■ **ASSIGNMENT**: Drop the images; return everything else in the listing below exactly.

■ **SUPPLIED DATA**:
==================================================

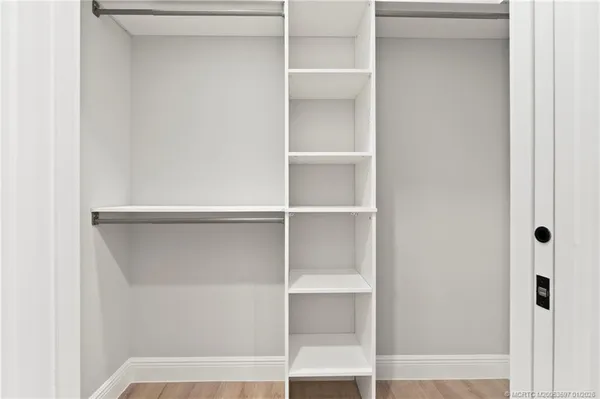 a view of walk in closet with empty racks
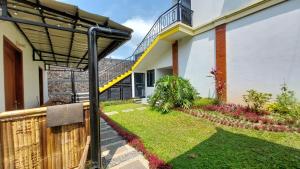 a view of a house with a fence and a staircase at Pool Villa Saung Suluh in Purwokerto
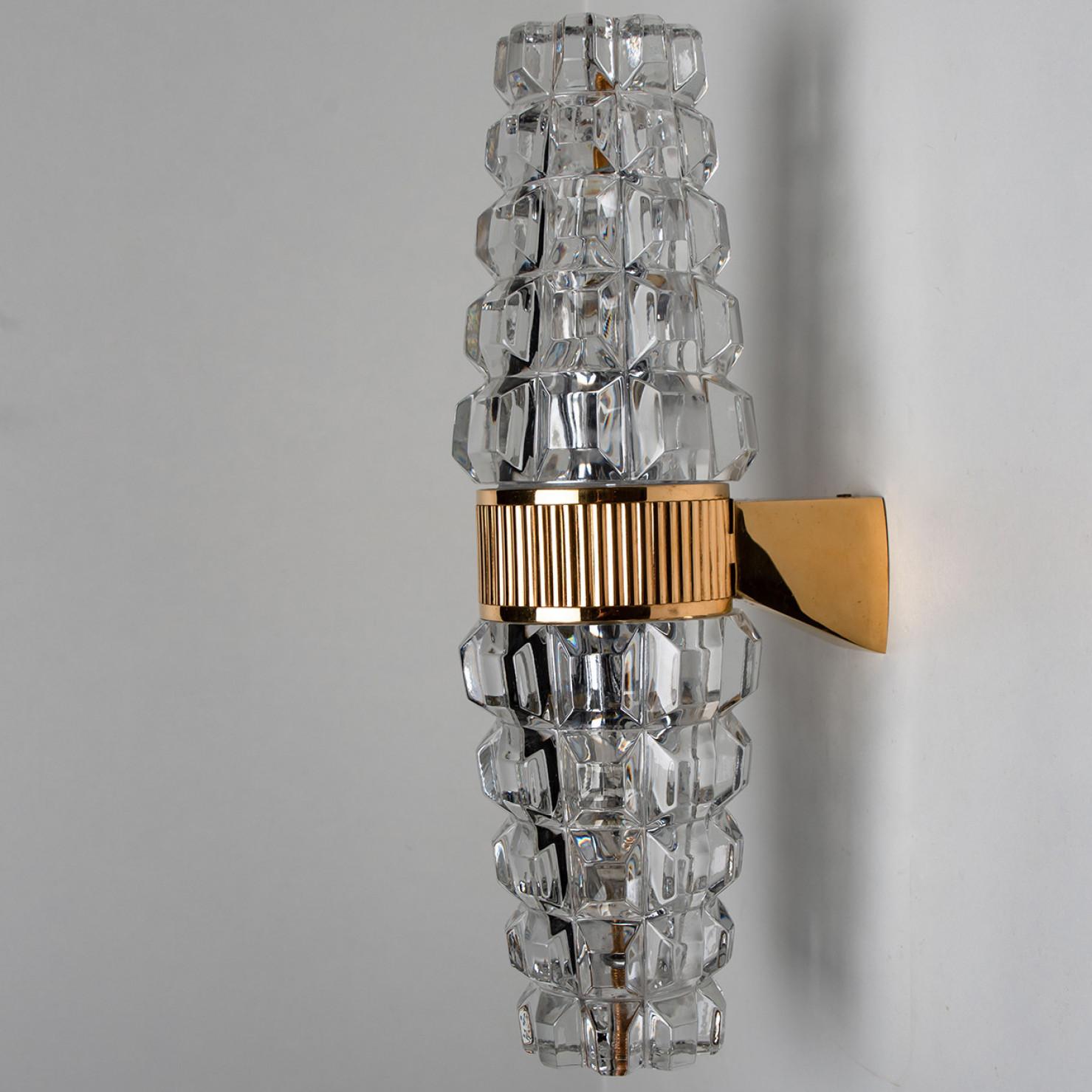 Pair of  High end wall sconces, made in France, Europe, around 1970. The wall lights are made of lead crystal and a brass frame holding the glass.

==================================================

■ **RESPONSE**:
 a view of walk in closet with empty racks
 a view of a house with a fence and a staircase at Pool Villa Saung Suluh in Purwokerto
 Pair of  High end wall sconces, made in France, Europe, around 1970. The wall lights are made of lead crystal and a brass frame holding the glass.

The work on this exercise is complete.